_Entries shown_
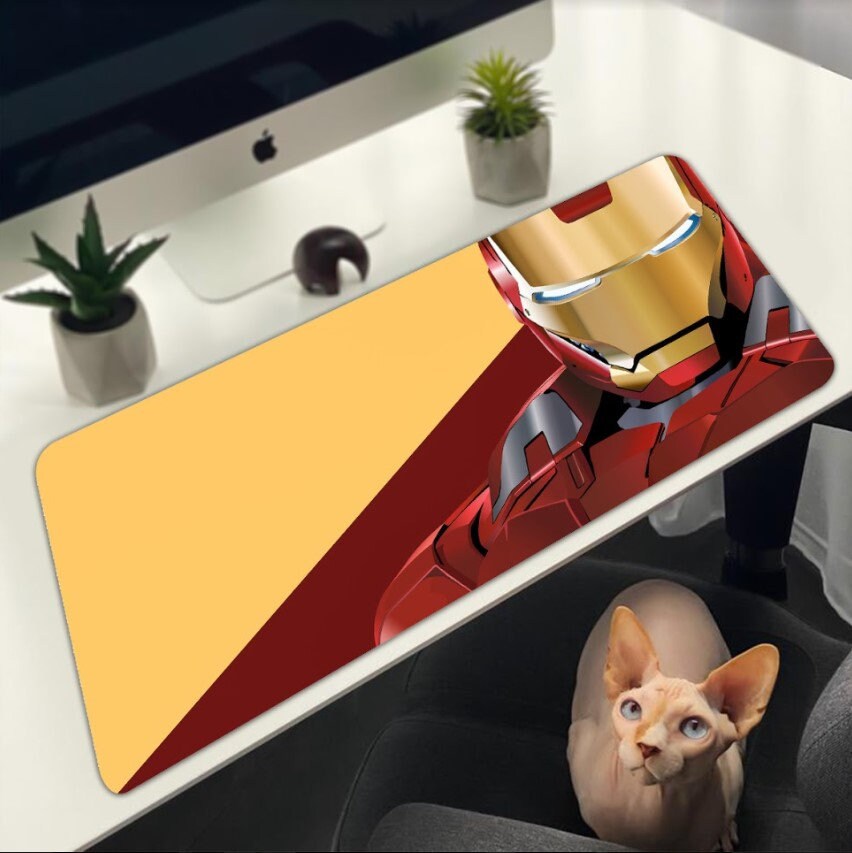 Maus Pad Custom Mouse Pad Iron Man Marvel x DT0379 Tony Stark Etsy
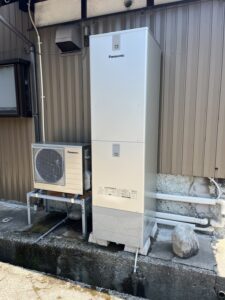 金沢市エコキュート入れ替え工事の施工後の写真【 石川県 野々市 白山市 かほく市 のエコキュートの事ならライフサワダ】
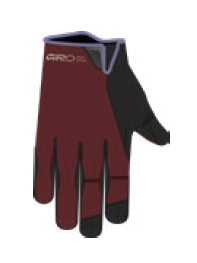 Rękawiczki damskie GIRO LA DND GEL długi palec dark maroon roz. L (obwód dłoni 190-204 mm / dł. dłoni 185-195 mm) (NEW 2026)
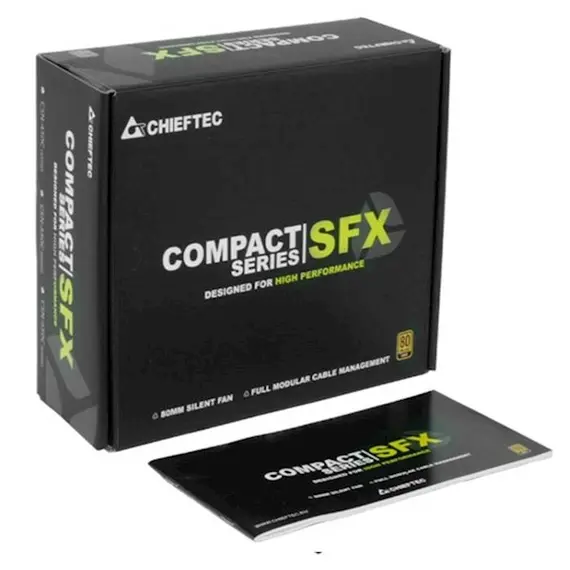 კვების ბლოკი CHIEFTEC RETAIL Compact CSN-650C, 8cm fan,a/PFC,24+8,3xPeripheral,4xSATA,2xPCIe,SFX , 4 image - Primestore.ge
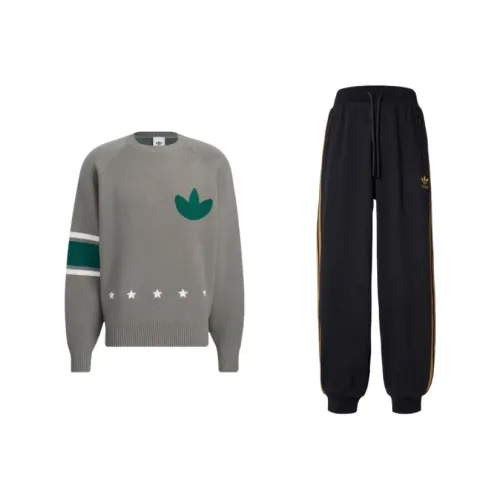 Adidas Originals Clover Series Sweatshirt Set Men's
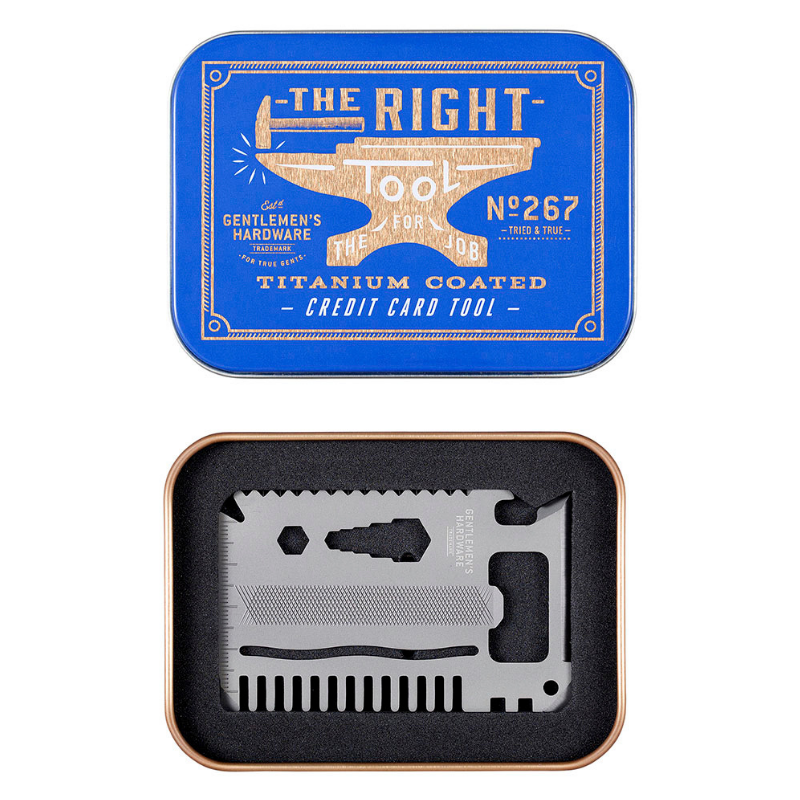 Gents Hardware - Credit Card Multi Tool Titanium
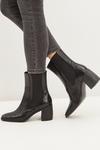 Dorothy Perkins Amber Croc Detail Heeled Ankle Boot thumbnail 3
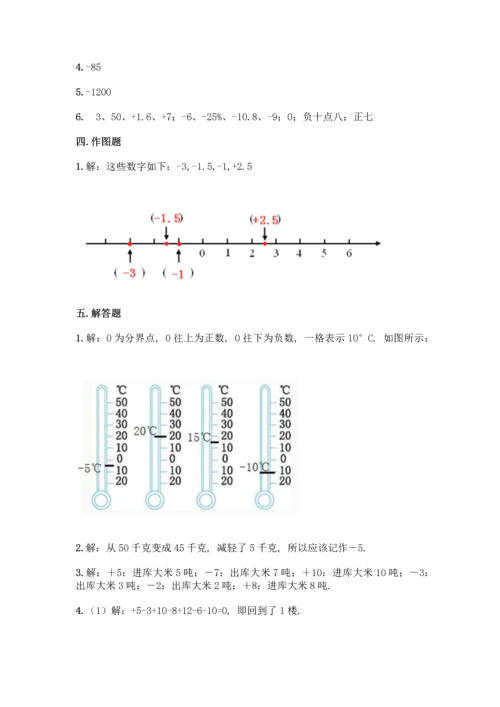 沪教版五年级下册数学第二单元《正数和负数的初步认识》练习卷带答案【突破训练】.docx
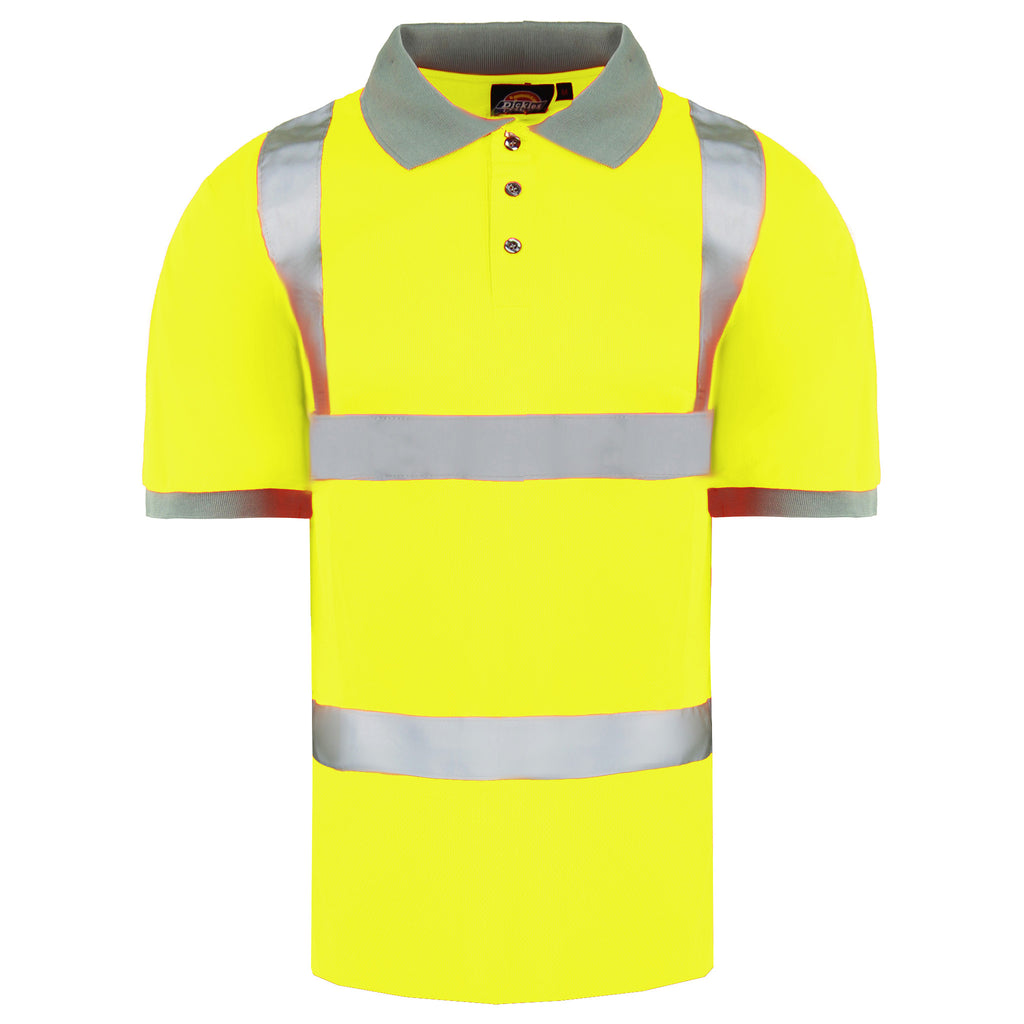 Dickies High Visibility Mens Yellow Safety Polo Shirt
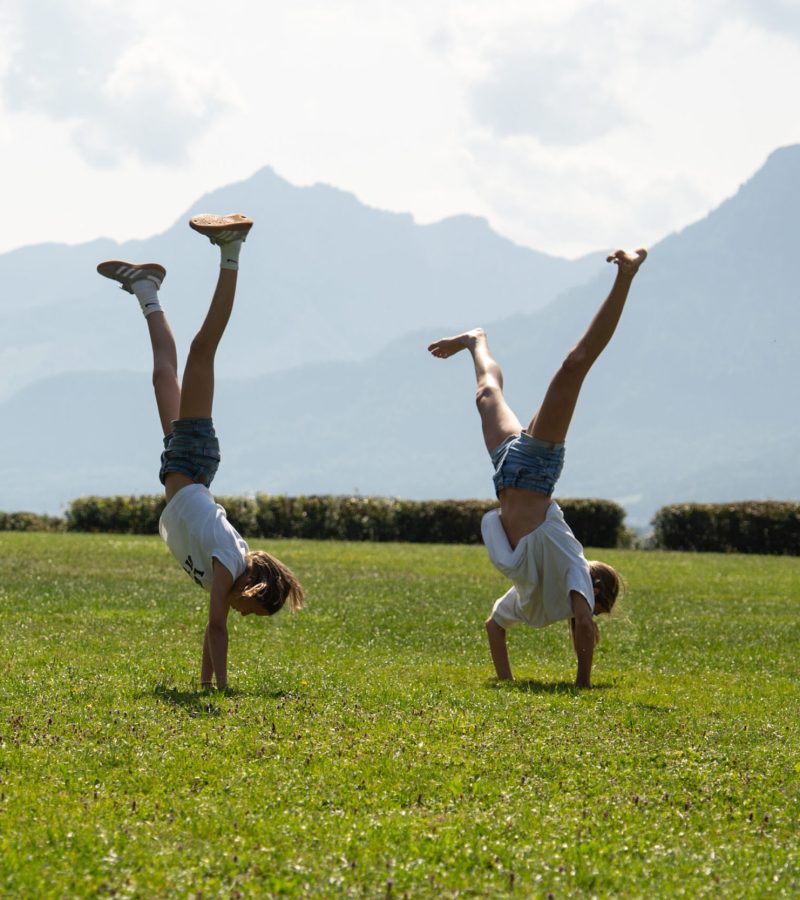Einer der Sportplätze im Ferienhort am Wolfgangsee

_Instructions to follow_
Set the records down again precisely, skipping every image.

_Exercise output_
 Maus Pad Custom Mouse Pad Iron Man Marvel x DT0379 Tony Stark Etsy
 金沢市エコキュート入れ替え工事の施工後の写真【 石川県 野々市 白山市 かほく市 のエコキュートの事ならライフサワダ】
 Rękawiczki damskie GIRO LA DND GEL długi palec dark maroon roz. L (obwód dłoni 190-204 mm / dł. dłoni 185-195 mm) (NEW 2026)
 კვების ბლოკი CHIEFTEC RETAIL Compact CSN-650C, 8cm fan,a/PFC,24+8,3xPeripheral,4xSATA,2xPCIe,SFX , 4 image - Primestore.ge
 Adidas Originals Clover Series Sweatshirt Set Men's
 Gents Hardware - Credit Card Multi Tool Titanium
 Dorothy Perkins Amber Croc Detail Heeled Ankle Boot thumbnail 3
 沪教版五年级下册数学第二单元《正数和负数的初步认识》练习卷带答案【突破训练】.docx
 Dickies High Visibility Mens Yellow Safety Polo Shirt
Einer der Sportplätze im Ferienhort am Wolfgangsee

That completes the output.